Determine if the given values of x are solutions to the radical equations below.

1. $\sqrt{x-3}=7; x = 32$
2. $\sqrt[3]{6+x}=3; x = 21$
3. $\sqrt[4]{2x+3}-11=-9; x = 6$

Solve the equations and check your answers.

1. $\sqrt{x+5}=6$
2. $2- \sqrt{x+1}=0$
3. $4 \sqrt{5-x}=12$
4. $\sqrt{x+9}+7=11$
5. $\frac{1}{2}\sqrt[3]{x-2}=1$
6. $\sqrt[3]{x+3}+5=9$
7. $5\sqrt{15-x}+2=17$
8. $-5=\sqrt[5]{x-5}-7$
9. $\sqrt[4]{x-6}+10=13$
10. $\frac{8}{5}\sqrt[3]{x+5}=8$
11. $3 \sqrt{x+7}-2=25$
12. $\sqrt[4]{235+x}+9=14$

### Vocabulary Language: English

Extraneous Solution

Extraneous Solution

An extraneous solution is a solution of a simplified version of an original equation that, when checked in the original equation, is not actually a solution.

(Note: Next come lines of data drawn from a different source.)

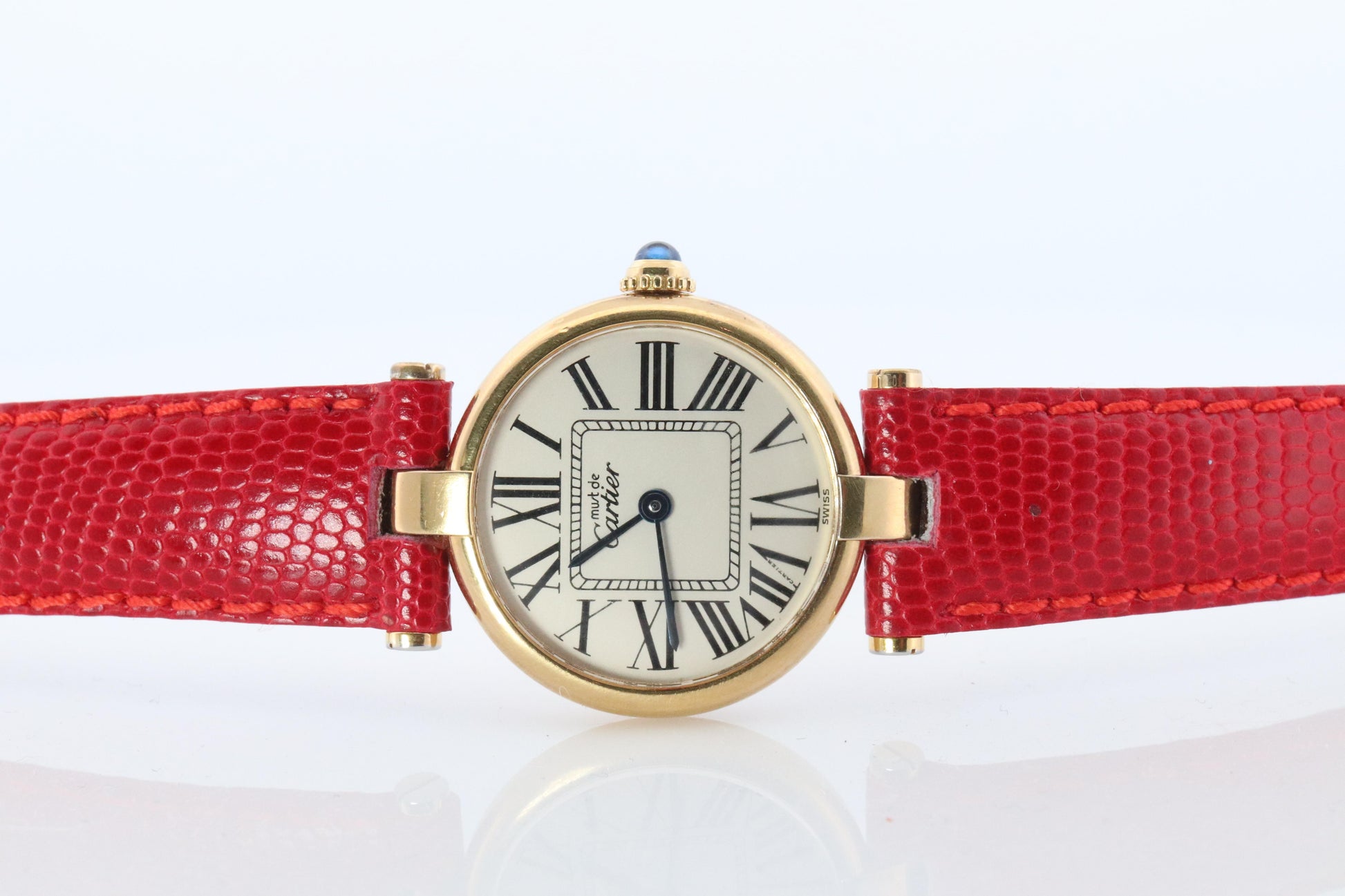 Genuine Cartier Watch. Must de Cartier Vendome Round Argent Vermeil White Face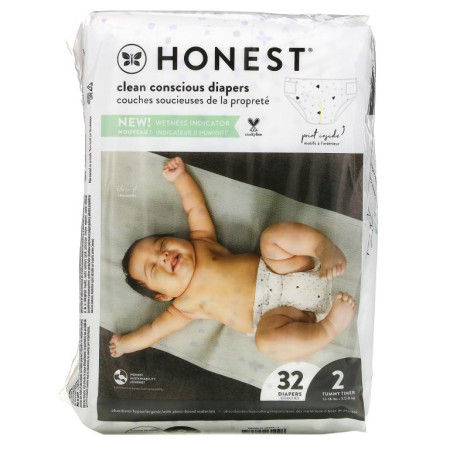 The Honest Company, Honest 기저귀, 사이즈 2, 12~18lbs, 32개입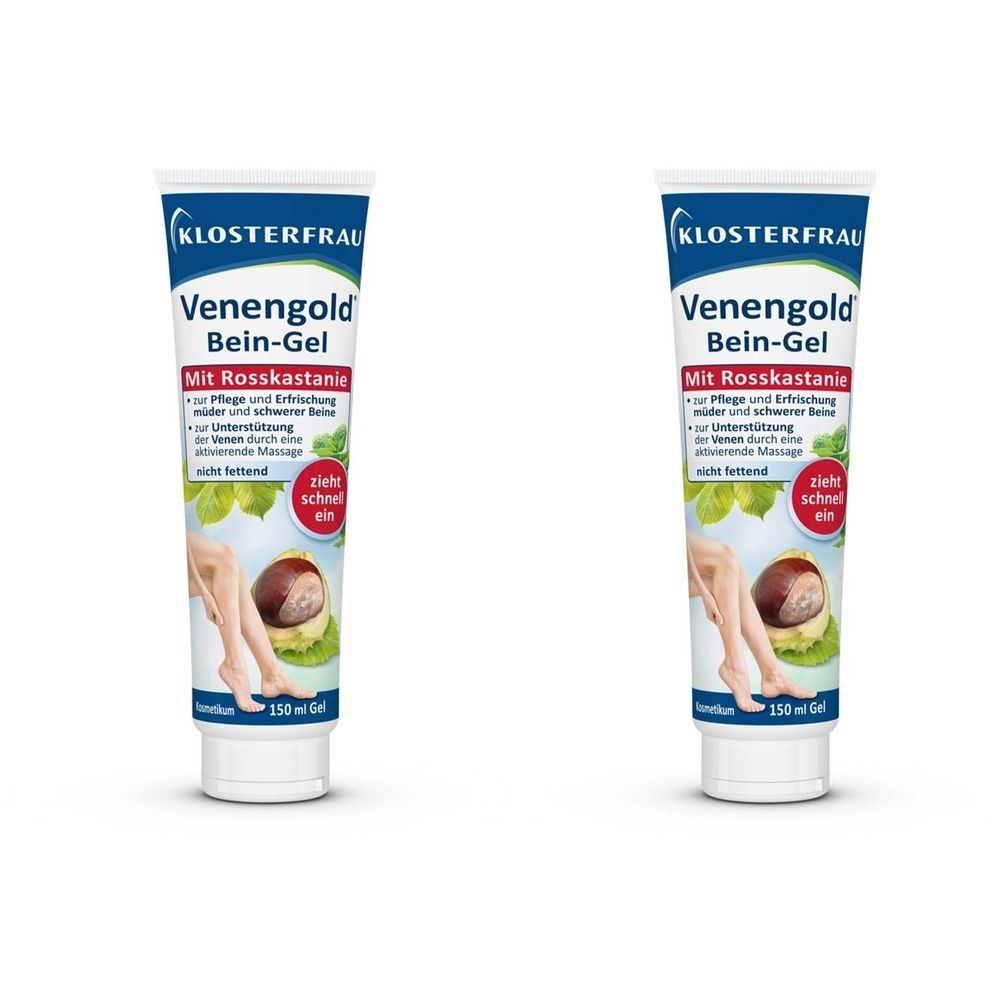 Zwei Tuben Bein-Gel. Aufschrift: KLOSTERFRAU Venengold Bein-Gel, Mit Rosskastanie. Illustration: Bein, Rosskastanie.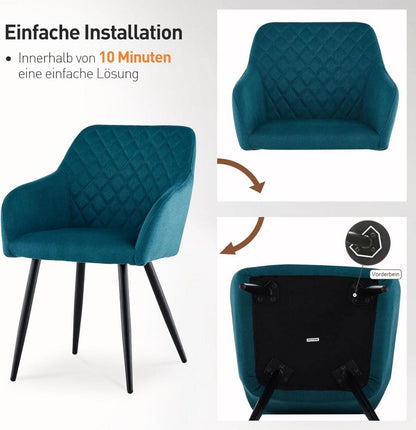 Modernes Esszimmerstuhl Set Leinen Armlehne Metallbeine Petrolblau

A quadratic equation is an equation that can be written in the form $=ax^2 + bx + c = 0$, where $a$, $b$, and $c$ are real constants and $a\ne 0$.

The quadratic formula states that for any quadratic equation in the form $ax^2+bx+c=0$, $x=\frac{-b \pm \sqrt{b^2-4ac}}{2a}$.

A radical expression is an expression with numbers, operations and radicals in it.